有樹の車で帰宅する途中、ミカはスマホを操作していた。
「何してるんだ?」有樹は横目で尋ねた。
「……地図を見ている」ミカは画面を見せた。「あの場所が、どこにあるのか」
有樹はチラリと見て、首を振った。「もういいだろ。あんな怪しい場所」
「……でも不思議だ」ミカは静かに言った。「私の記憶にもない場所があるなんて」
有樹は黙った。確かに、ミカが天使だという前提で考えれば、彼の知らない場所があるというのは奇妙だった。
「お前、本当に天使なのか?」有樹はふと聞いてみた。
「……私が何者かは、私自身もわからない」ミカは窓の外を見た。「だから、探している」
有樹はハンドルを握りしめた。今日の出来事は、ミカの正体についてさらに謎を深めるものだった。

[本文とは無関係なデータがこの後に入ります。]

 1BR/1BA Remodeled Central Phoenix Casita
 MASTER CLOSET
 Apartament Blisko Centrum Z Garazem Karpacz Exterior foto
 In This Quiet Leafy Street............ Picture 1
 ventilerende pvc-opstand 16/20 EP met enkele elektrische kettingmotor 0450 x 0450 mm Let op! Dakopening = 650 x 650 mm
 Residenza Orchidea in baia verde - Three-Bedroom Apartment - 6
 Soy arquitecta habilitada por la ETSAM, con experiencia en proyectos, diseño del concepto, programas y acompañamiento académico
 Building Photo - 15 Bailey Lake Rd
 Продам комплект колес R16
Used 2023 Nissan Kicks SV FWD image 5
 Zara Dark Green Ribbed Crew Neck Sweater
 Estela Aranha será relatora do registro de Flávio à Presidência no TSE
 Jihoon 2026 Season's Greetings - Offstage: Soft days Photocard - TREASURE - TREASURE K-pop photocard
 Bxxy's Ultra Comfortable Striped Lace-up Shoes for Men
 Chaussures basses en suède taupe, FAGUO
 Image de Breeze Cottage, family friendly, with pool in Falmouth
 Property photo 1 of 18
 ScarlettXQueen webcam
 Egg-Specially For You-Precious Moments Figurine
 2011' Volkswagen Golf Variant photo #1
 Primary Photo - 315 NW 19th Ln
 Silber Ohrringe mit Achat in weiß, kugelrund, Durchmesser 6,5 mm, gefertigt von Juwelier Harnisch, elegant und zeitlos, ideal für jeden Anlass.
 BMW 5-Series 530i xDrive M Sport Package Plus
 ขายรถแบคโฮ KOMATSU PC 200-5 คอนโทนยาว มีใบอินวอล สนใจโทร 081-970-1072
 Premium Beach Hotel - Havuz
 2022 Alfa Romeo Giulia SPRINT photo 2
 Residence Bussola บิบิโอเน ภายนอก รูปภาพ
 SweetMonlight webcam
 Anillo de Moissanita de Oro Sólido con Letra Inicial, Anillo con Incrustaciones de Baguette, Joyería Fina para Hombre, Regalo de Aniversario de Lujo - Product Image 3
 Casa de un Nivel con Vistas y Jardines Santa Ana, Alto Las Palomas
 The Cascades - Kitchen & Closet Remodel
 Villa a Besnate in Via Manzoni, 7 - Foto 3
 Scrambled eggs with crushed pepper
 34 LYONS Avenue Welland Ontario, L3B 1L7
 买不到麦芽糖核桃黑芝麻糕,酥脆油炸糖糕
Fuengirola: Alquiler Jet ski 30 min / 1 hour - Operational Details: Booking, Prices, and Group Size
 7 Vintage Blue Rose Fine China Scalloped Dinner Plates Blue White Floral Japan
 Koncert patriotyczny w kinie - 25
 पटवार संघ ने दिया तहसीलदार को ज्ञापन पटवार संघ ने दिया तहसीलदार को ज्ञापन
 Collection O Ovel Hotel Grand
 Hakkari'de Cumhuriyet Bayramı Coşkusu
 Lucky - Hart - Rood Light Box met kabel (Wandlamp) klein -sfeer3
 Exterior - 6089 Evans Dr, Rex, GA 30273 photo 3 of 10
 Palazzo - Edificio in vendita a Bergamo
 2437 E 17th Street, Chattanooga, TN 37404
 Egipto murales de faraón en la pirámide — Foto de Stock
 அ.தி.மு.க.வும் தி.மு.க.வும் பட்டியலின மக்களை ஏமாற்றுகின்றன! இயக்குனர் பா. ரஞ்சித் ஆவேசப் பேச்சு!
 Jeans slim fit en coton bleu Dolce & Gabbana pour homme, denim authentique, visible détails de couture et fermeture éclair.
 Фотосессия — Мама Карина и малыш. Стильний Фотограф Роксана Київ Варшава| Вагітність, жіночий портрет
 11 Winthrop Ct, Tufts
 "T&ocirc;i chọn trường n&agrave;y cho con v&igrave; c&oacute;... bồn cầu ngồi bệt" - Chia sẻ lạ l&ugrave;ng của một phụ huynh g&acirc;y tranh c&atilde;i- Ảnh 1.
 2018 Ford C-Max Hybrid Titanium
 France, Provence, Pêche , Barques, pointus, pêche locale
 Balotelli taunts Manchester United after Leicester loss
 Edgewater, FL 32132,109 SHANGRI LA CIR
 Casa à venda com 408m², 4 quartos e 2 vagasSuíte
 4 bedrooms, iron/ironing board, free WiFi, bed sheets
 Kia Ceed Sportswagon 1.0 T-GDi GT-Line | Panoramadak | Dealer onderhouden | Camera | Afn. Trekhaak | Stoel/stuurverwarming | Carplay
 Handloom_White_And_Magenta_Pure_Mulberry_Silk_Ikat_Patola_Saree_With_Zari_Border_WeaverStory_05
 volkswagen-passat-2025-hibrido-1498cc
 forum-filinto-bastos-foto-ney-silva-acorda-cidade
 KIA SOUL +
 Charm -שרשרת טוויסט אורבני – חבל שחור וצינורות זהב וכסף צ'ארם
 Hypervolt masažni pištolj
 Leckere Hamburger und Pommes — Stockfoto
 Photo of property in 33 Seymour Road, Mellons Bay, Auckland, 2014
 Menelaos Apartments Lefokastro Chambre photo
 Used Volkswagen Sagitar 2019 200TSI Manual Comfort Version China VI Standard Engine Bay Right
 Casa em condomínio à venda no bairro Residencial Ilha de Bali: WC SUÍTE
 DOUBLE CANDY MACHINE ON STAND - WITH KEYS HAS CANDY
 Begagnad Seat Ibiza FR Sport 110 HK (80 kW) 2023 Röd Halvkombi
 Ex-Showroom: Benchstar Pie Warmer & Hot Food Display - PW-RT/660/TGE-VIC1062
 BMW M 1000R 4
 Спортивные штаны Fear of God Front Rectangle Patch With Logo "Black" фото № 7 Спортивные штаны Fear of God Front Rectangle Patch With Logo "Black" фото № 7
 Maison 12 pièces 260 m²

「もしかして、あの路地は……お前の世界に繋がってるとか?」
ミカはしばらく黙っていた。「……違う」ようやく彼は答えた。「私の来た場所ではない。だが、似ている」
「どういう意味だ?」
「……この世界には、様々な境界がある」ミカは静かに説明した。「現実と、そうでないものの間の」
有樹は唸った。「なんだか頭が痛くなりそうだ」
「……すまない」
「いや、お前のせいじゃない」有樹は笑った。「むしろ、今日はお前のおかげで無事に戻れたかもしれないな」
「……私は何もしていない」ミカは首を振った。「あなたの判断が私たちを救った」
有樹は少し照れたように咳払いをした。「まあ、直感だよ」
「……直感は時に理性より賢い」ミカの言葉には、どこか深い意味が込められているように感じられた。
二人の車は夕暮れの街を走り続けた。その後ろには、誰にも見えない何かが、静かに彼らを見守っているかのようだった。